Machine Learning is a class of algorithms which is data-driven, i.e. unlike "normal" algorithms it is the data that "tells" what the "good answer" is. Example: an hypothetical non-machine learning algorithm for face recognition in images would try to define what a face is (round skin-like-colored disk, with dark area where you expect the eyes etc). A machine learning algorithm would not have such coded definition, but will "learn-by-examples": you'll show several images of faces and not-faces and a good algorithm will eventually learn and be able to predict whether or not an unseen image is a face.
This particular example of face recognition is supervised, which means that your examples must belabeled, or explicitly say which ones are faces and which ones aren't.
In an unsupervised algorithm your examples are not labeled, i.e. you don't say anything. Of course in such a case the algorithm itself cannot "invent" what a face is, but it could be able to cluster the data in different class, e.g. it could be able to distinguish that faces are very different from panoramas, which are very different from horses.

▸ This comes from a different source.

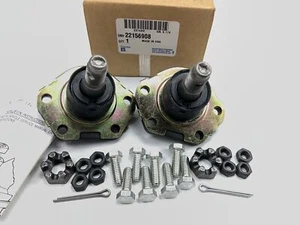 (2) OEM GM 22156908 Front Lower Suspension Ball Joints - 4WD MODELS ONLY - Picture 1 of 3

Since another answer mention it (in an incorrect way), there are "intermediate" form of supervision, i.e.semi-supervised and active learning techniques. Technically, these are supervised methods, in which there is some "smart" way to avoid the large number of labeled examples. In active learning, the algorithm itself decides which thing you should label (e.g. it can be pretty sure about a panorama and a horse, but it might ask you to confirm if a gorilla is indeed the picture of a face). In semi-supervised approach, there are two different algorithms, which start with the labeled examples, and then "tell" each other way they think about some large number of unlabeled data. From this "discussion" they learn.